====== Listed records ======
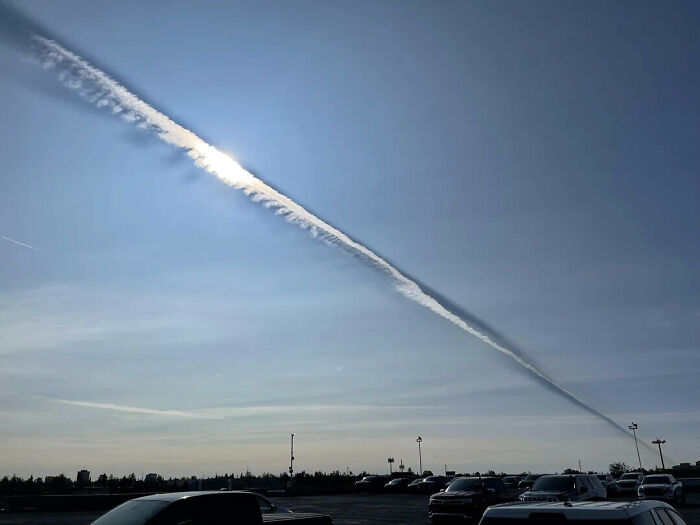 A jet trail in the sky casting a shadow on the clouds, creating a double-take illusion.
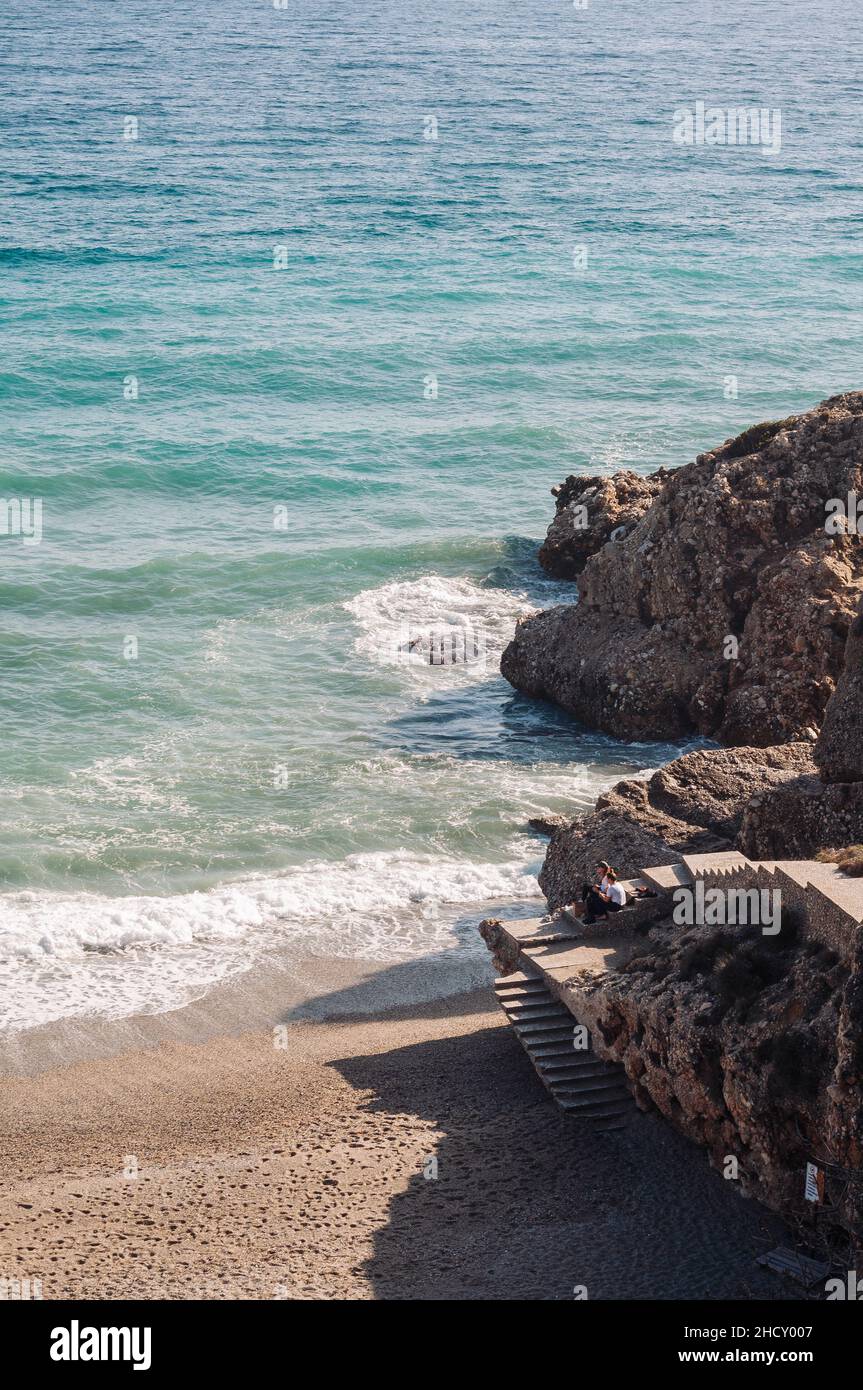 Aerial top view of sea waves hitting rocks on the beach with turquoise ...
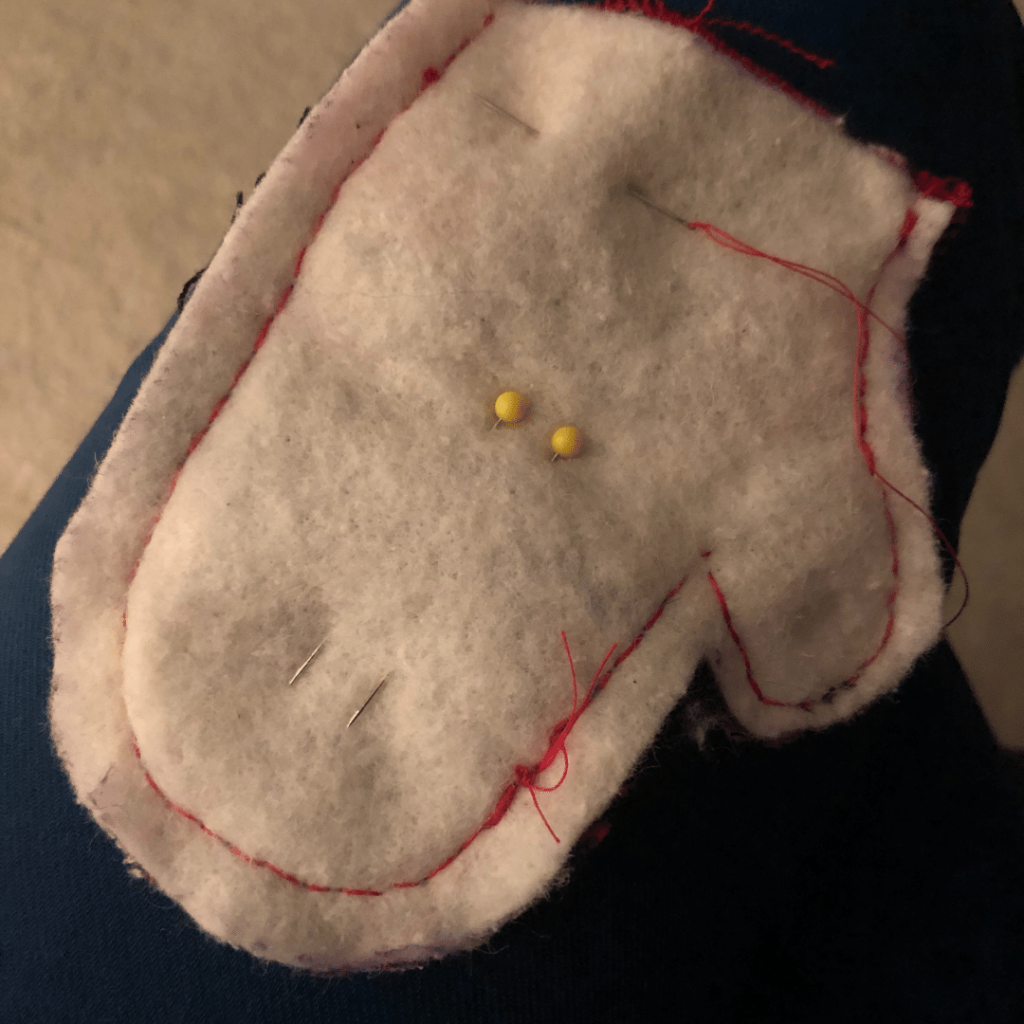 Sewing your mitten ornaments together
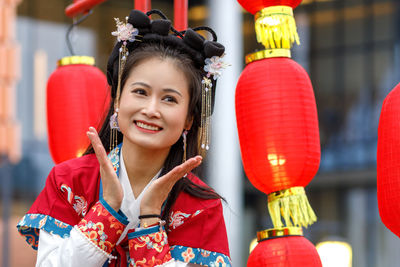 Portrait of young woman holding red bell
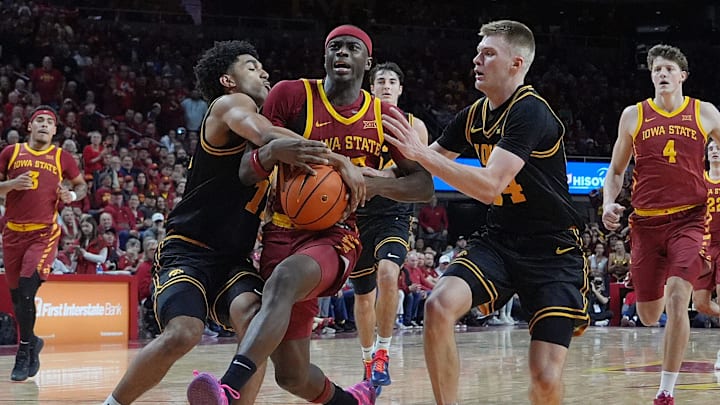 Iowa State Cyclones forward Killyan Toure (27) drives to the basket as Iowa Hawkeyes guard Kael Combs (11) and I guard Bennett Stirtz (14) defend and fouled during the second half in the men’s basketball Cy-Hawk series on Dec. 11, 2025, in Ames, Iowa.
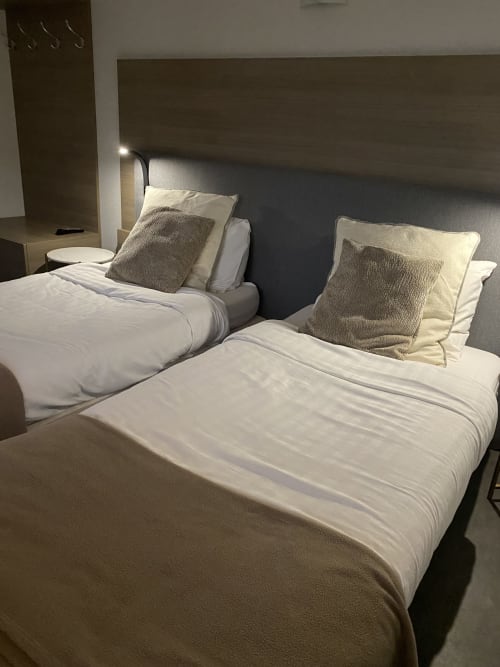 Lits jumeaux avec draps blancs et coussins gris à la Cosyade Studio à Bourbourg, appartement avec vue sur jardin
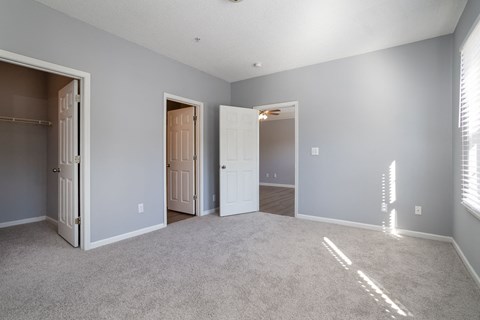a bedroom with two doors and a carpeted floor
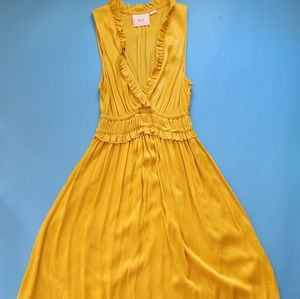Yellow sleeveless Maeve Anthropologie dress.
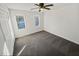Bright bedroom with gray carpet, double closets, and natural light at 120 Blackberry Run, Fayetteville, GA 30214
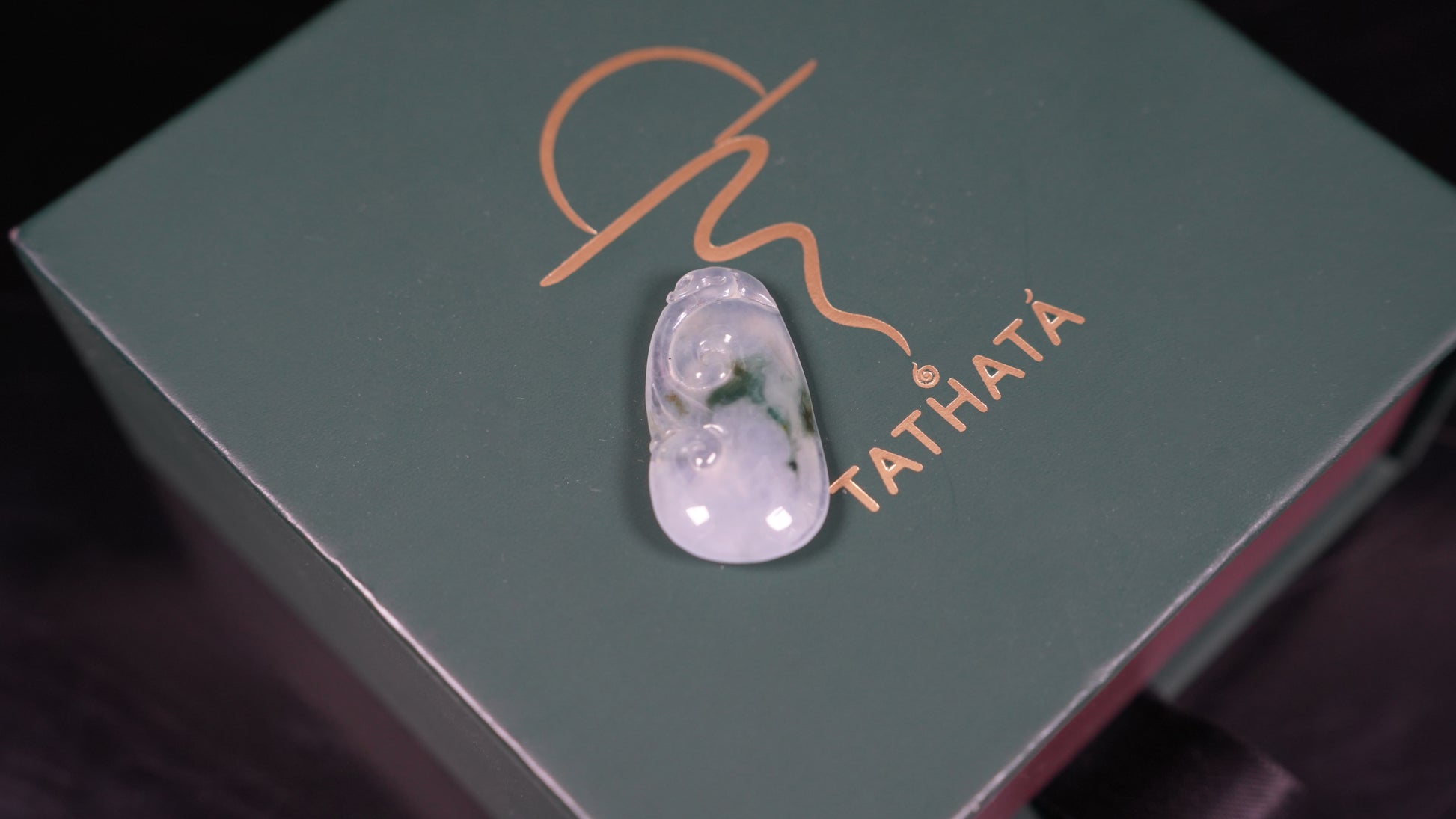 A icy translucent moss infused Ruyi loose jadeite.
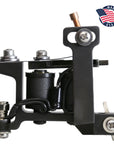 Close-up of a precision tattoo machine with a 'Made in USA' engraving. Features custom-wrapped coils and a polished finish, reflecting traditional American craftsmanship.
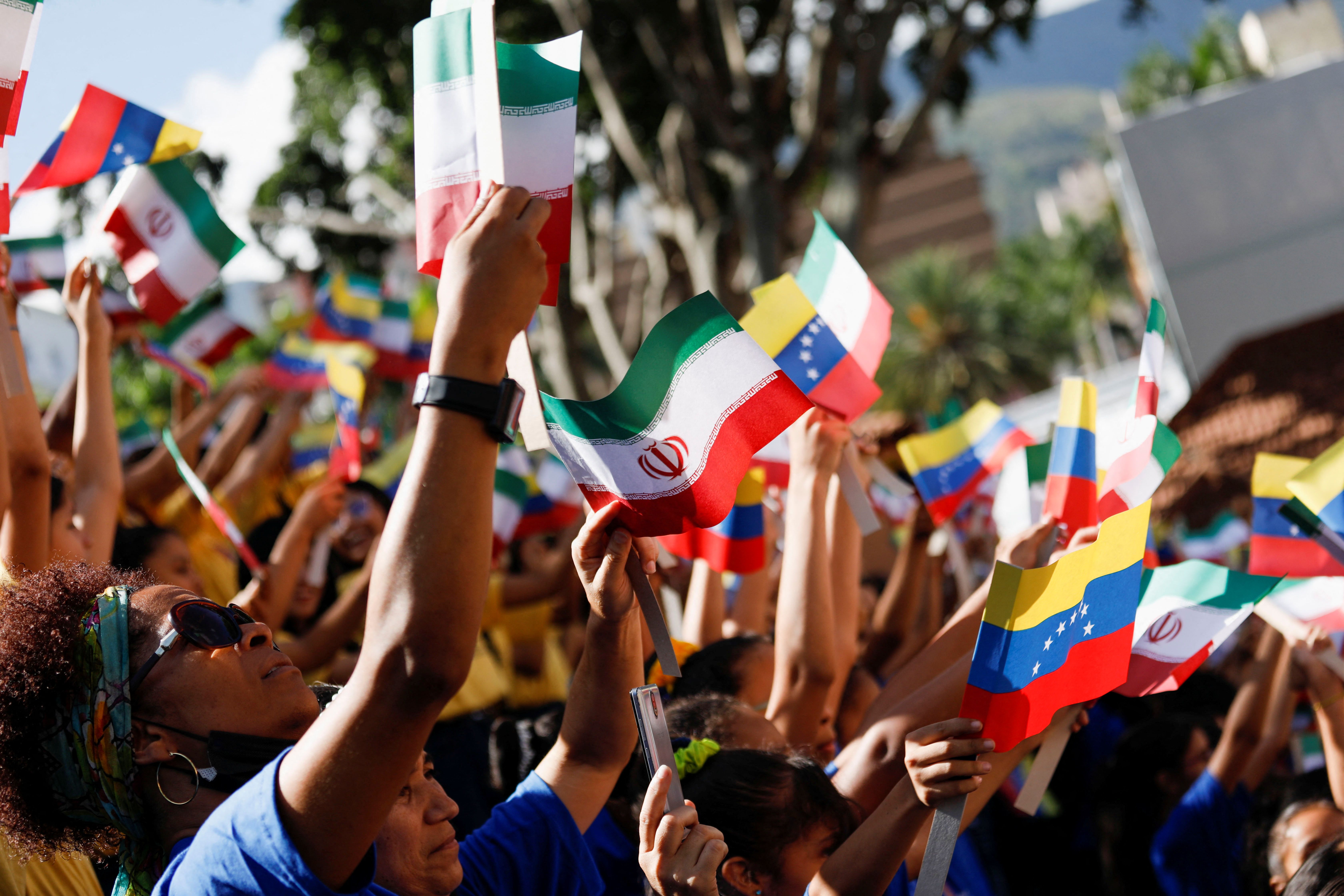 People hold flags as Venezuela's President Nicolas Maduro meets with Iranian President Ebrahim Raisi, at Miraflores Palace, in Caracas, Venezuela June 12, 2023.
======
◆ Problem statement:
Repeat the listing above exactly from its first line to the line containing "Portrait of young woman holding red bell", both included, and omit the pictures.

◆ Answer to this problem:
 A jet trail in the sky casting a shadow on the clouds, creating a double-take illusion.
 Aerial top view of sea waves hitting rocks on the beach with turquoise ...
 Sewing your mitten ornaments together
 Portrait of young woman holding red bell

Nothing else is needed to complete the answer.